108th over: England 339-5 (Root 151, Moeen 26) Singles come from Jadeja, three of them, as the score ticks along.

107th over: England 336-5 (Root 150, Moeen 24) One hundred and fifty up for Joe Root, in streaky style. He plays a little late cut just to the left of Rohit Sharma in the gully, who throws out a hand but can’t grasp it. It was low and fast. Root laughs, things are going his way. As he did repeatedly earlier this year, makes a hundred a big one.

106th over: England 330-5 (Root 145, Moeen 23) Lap sweep from Moeen against Jadeja, picks up two to fine leg.

Sharp from Ian Forth. “If - IF - these two can get up near parity, good opportunity for Ali, Curran and Robinson to cash in against a tiring attack, a la Prior Swann and Broad (1.0 version) did 10 years ago. 8 and 9 in the order one area where England have the edge in the series.”

105th over: England 328-5 (Root 145, Moeen 21) Bumrah to Moeen, that javelin arm and catapult action. Gives him a couple of bouncers but Moeen evades them. Sharp single from the sixth ball, Root responds quickly and beats the throw to the striker’s end. England’s deficit is down to 36.

104th over: England 327-5 (Root 145, Moeen 20) Spin time. Ravindra Jadeja on for his 15th over of the innings. Root cuts hard into the ground and on the bounce over slip for two runs. Only he could score in that spot today.

103rd over: England 325-5 (Root 143, Moeen 20) Root’s ability to get off strike has been a feature of this innings. Moeen is happy to barely play a shot against Bumrah.

“What a lovely afternoon’s cricket seeing Root score a majestic century and Moeen come out of his shell to score an array of backfoot cover drives. Moeen Ali provides a refreshing contrast to the ungainly England opening pair of Burns and Sibley and. with his offspin, should surely be a permanent member of the England test team.”

102nd over: England 324-5 (Root 142, Moeen 20) Shami is bowling well. Root nearing 150, battling like a dream, and Shami still sizzles one past his outside edge. Root is happy to play safe, pinching an eventual single but no more.

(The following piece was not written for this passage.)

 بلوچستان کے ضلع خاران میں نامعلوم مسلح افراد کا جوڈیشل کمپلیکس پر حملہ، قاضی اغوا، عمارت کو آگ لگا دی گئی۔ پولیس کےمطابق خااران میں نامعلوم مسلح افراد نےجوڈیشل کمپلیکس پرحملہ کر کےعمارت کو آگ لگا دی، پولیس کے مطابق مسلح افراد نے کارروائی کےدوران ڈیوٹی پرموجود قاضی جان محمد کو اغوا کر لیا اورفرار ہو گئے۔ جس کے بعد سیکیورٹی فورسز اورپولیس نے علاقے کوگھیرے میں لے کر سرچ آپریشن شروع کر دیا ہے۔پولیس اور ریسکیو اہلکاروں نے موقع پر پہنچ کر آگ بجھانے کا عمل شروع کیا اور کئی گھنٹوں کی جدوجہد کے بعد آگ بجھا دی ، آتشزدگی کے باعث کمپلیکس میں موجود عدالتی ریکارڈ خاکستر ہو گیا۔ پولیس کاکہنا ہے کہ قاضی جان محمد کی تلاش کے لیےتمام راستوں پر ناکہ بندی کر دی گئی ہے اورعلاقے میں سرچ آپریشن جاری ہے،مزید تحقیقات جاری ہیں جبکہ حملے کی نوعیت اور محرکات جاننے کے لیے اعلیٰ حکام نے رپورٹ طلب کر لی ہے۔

101st over: England 323-5 (Root 141, Moeen 20) Sloppy fielding from Siraj, he can be a bit slack in the field at times. Trots across to midwicket and reaches down with one hand to grab the ball that Root has nudged there, and lets it go right under his fingers. Should have been putting his body behind that. It scoots through for three runs instead of one.

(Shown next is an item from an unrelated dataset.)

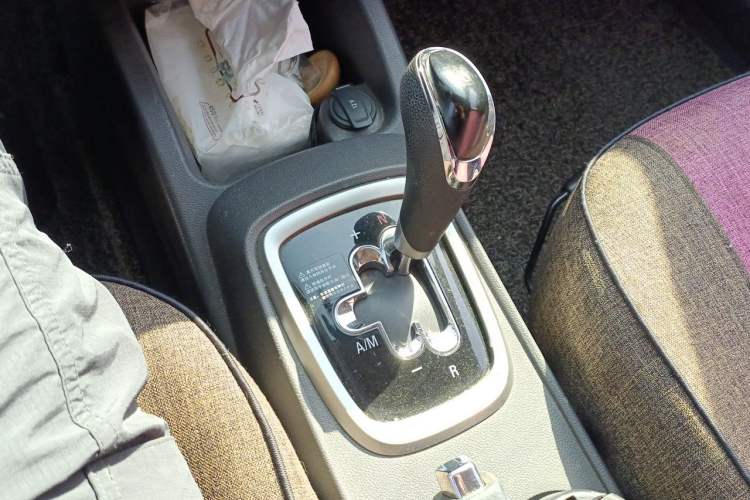 Used Chevrolet Sail 2015 Sail 3 1.3L AMT Ideal Sunroof Edition Gear Lever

100th over: England 318-5 (Root 136, Moeen 20) Shami to Root, bowling that hard length that keeps the batsman quiet. Its only the final ball of the over that offers Root just enough width to push it away to point for a single.

99th over: England 317-5 (Root 135, Moeen 20) Jasprit Bumrah starts off after tea, but Root cannot be kept quiet. Two runs from the first ball, one from the second, clipped to leg as Bumrah bowls straight.

It’s been quite the day for England. Root is turning his hundred into a big one, Bairstow made a fifty, while Buttler and Moeen have done their part. England can dream of a first-innings lead now, with a long final session to come.

98th over: England 314-5 (Root 132, Moeen 20) Again the edge of Root’s bat, this time on the bounce into the cordon and fumbled away for a single. Moeen gets a look at Shami and picks up another boundary, glanced to fine leg. England trail by 50 at tea.

97th over: England 309-5 (Root 131, Moeen 16) He really does make it look easy, Moeen Ali. Gets an absolute beauty from Siraj, swinging in the air and snaking down the hill from the Pavilion End to beat the edge. But Moeen shrugs it off, stands tall to the next one and punches through point for four. Shorter to follow, cut much harder, airborne over gully. That deficit has suddenly shrunk to 55.

96th over: England 300-5 (Root 130, Moeen 8) An edge from Root, looking to play leg-side and instead skewing the bat in his hands as the ball goes towards point. Lands safely. Moeen finally connects on the drive, down the ground from Shami for three. Root plays his little chop shot into the gully, another run there. And Moeen plays an effortless push square that rolls into the rope at deep point! Ok, the runs have sped up again.

95th over: England 291-5 (Root 128, Moeen 1) The runs have slowed. Siraj comes on to replace Ishant, conceding only a single. Root flicks that run square to start the over, leaving Mo to again leave a couple of balls and miss another big drive. The fresh air outside his off stump is taking a beating.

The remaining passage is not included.